**WHAT THE TASK REQUIRES:** Pictures stay out of the copy. Retype exactly the lines below from the one with "ظهور نادر لياسمين" through the one with "กระเป๋า VinFast Motimo, กระเป๋าหลัง".

**DATA EXCERPTS:**
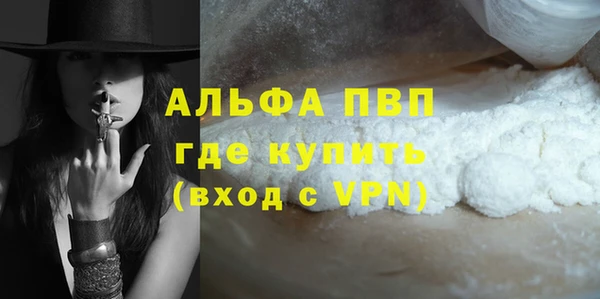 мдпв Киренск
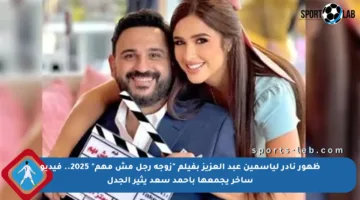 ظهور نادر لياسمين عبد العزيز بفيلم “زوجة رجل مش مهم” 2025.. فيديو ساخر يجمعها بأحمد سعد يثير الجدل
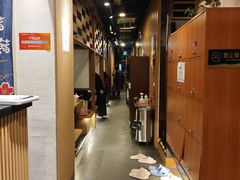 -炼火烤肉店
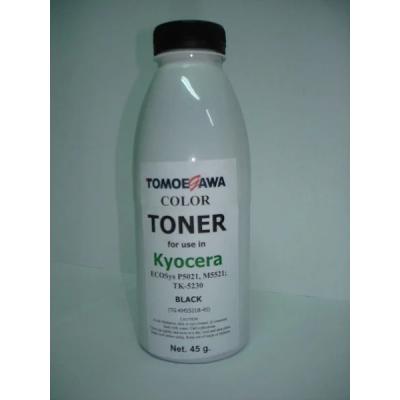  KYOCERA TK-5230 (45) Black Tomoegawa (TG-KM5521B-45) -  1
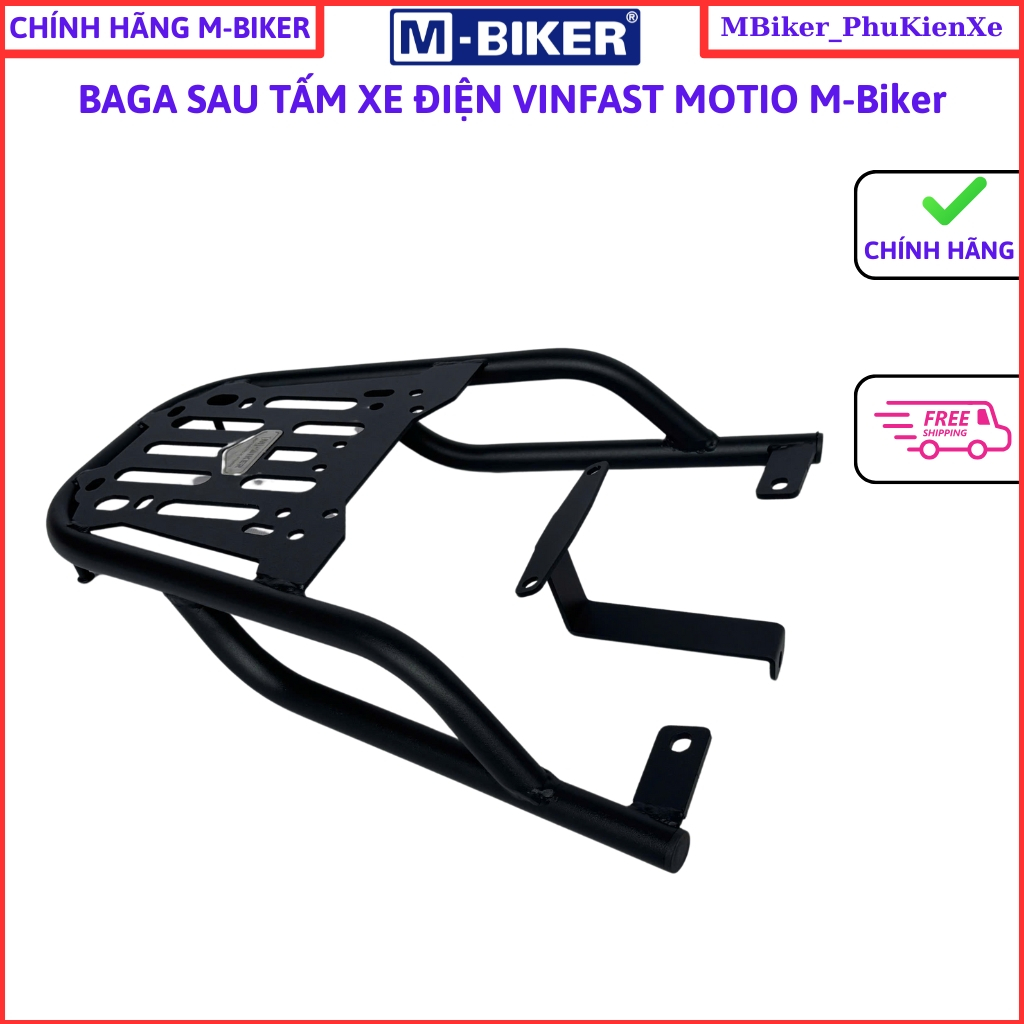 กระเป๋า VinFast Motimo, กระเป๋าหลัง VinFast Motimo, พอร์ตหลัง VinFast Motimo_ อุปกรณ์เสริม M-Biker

* * *

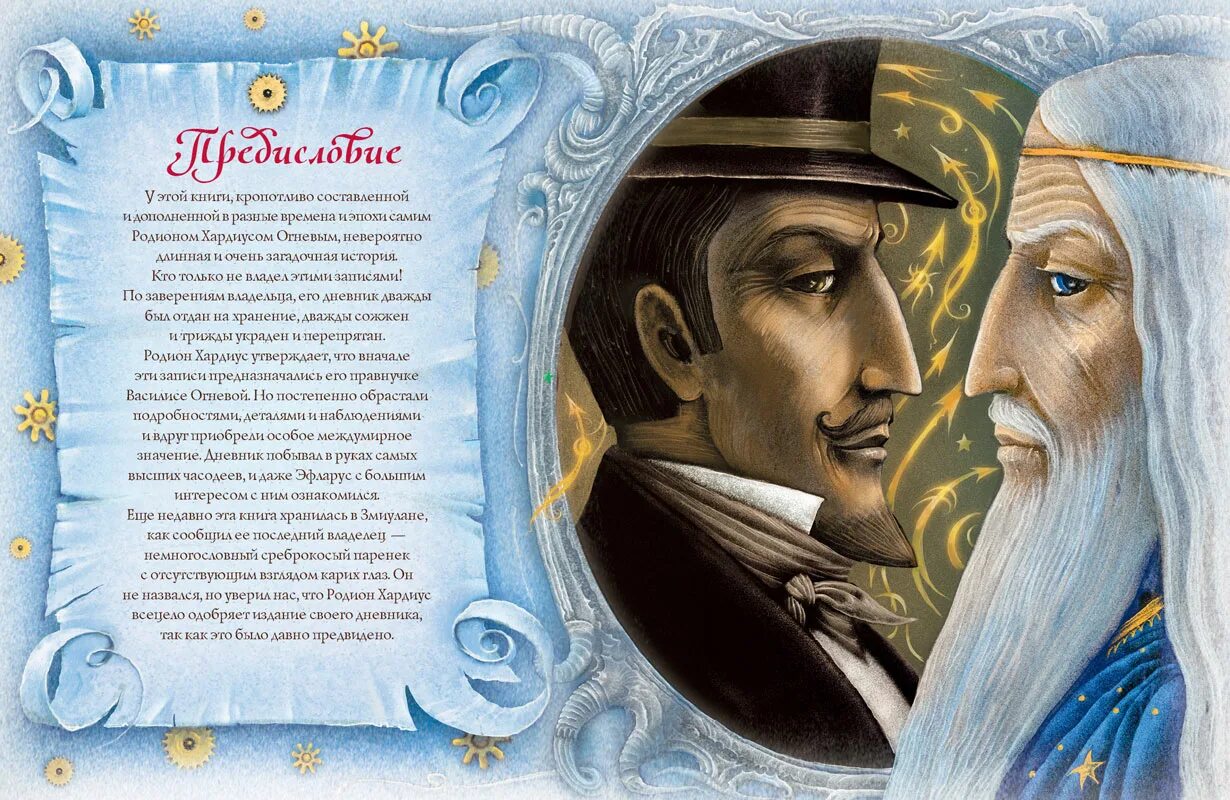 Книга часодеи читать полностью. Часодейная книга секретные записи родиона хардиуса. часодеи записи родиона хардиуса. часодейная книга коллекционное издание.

**FINAL ANSWER:**
 ظهور نادر لياسمين عبد العزيز بفيلم “زوجة رجل مش مهم” 2025.. فيديو ساخر يجمعها بأحمد سعد يثير الجدل
 -炼火烤肉店
  KYOCERA TK-5230 (45) Black Tomoegawa (TG-KM5521B-45) -  1
 กระเป๋า VinFast Motimo, กระเป๋าหลัง VinFast Motimo, พอร์ตหลัง VinFast Motimo_ อุปกรณ์เสริม M-Biker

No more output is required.